2月30日に産まれて
2月29日に産まれた人が羨ましい。
うるう歳にしか誕生日が来ないことになるから、一日ずらすことができるのが羨ましい。2月28日に誕生日を祝えるのだ。
私の誕生日は2月30日である。
さすがに2日も誕生日をごまかしてずらすことはできない。
ゆえに私はまだ0歳である。
早く歳をとりたい。
さて本来なら今年で69歳になる私であるが、戸籍上は0歳であるので結婚ができない。エロい動画も観られない。車の免許証も取得することができない。
小学校も入れなかった。
就職もできない。ハローワークに行っても年齢条件に必ずひっかかった。
私は呪う。私の産まれた69年前に、人類の歴史上初めて存在した2月30日を。
そして私は愛する。
私はこの世でとても特殊な、選ばれた人間だという気がしている。そんな気持ちにさせてくれる、私の誕生日を。

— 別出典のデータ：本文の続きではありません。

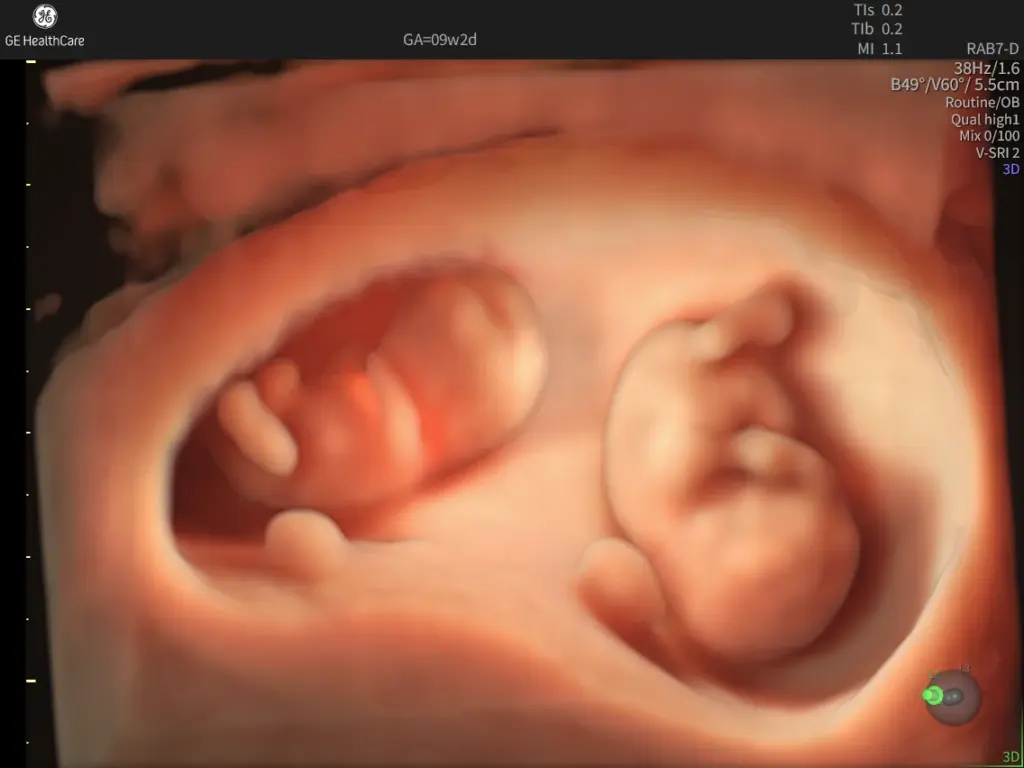 9 week twins with HDlive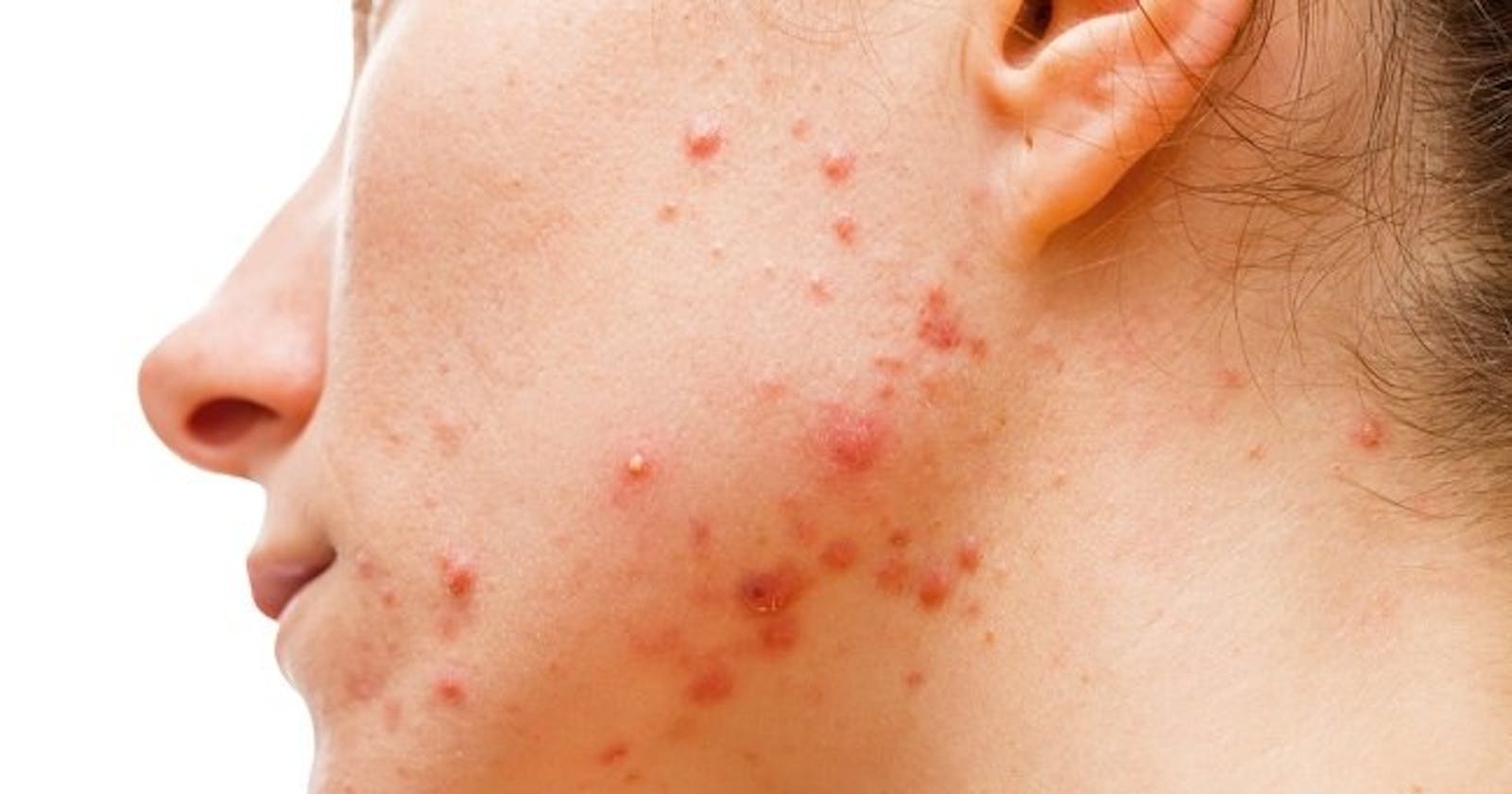 How to Overcome Severe Acne on the Face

『2月30日産まれの会』というものがスイスのどこかの都市に存在するらしい。
同じ不自由な境遇を慰めあい、助けあい、気持ちをひとつにして笑いあう集まりらしいのだが、私はそんなものには興味もない。
私はこの世でたった一人の選ばれし者なのだと思っていたい。
この優越感も、この悲しみも、私一人のものとして、オンリーワンを気取っていたい。
だが出会ってしまった。
和子と私は、出会ってしまったのだ。
しいなここみが白いイタチを連れて散歩する公園で、私と和子は出会ってしまった。
ベンチに座って、幼い子供と野球を楽しむ家族をぼーっと眺めている私の隣に和子は座ると、見ず知らずの私に話しかけてきたのだ。
「あなた……世界に一つだけの花ね?」
なぜ、それを知っている? そんな驚きに振り向くと、私と同い年ぐらいの小綺麗なばあさんがいた。彼女は目尻のシワを美しく笑わせると、持っていたナイフで私の胸をおもむろに刺してきた。
「な……なぜ……」
口から流血しながら私がそう聞くと、和子は、優しいまなざしで私を見つめ、こう言ったのだった。
「2月30日に産まれた人間は、この世で私一人だけでいいの」
ほんとうは彼女の名前も知らない。
ただ、『和子』という名前の似合うひとだなと私が思った、それだけだった。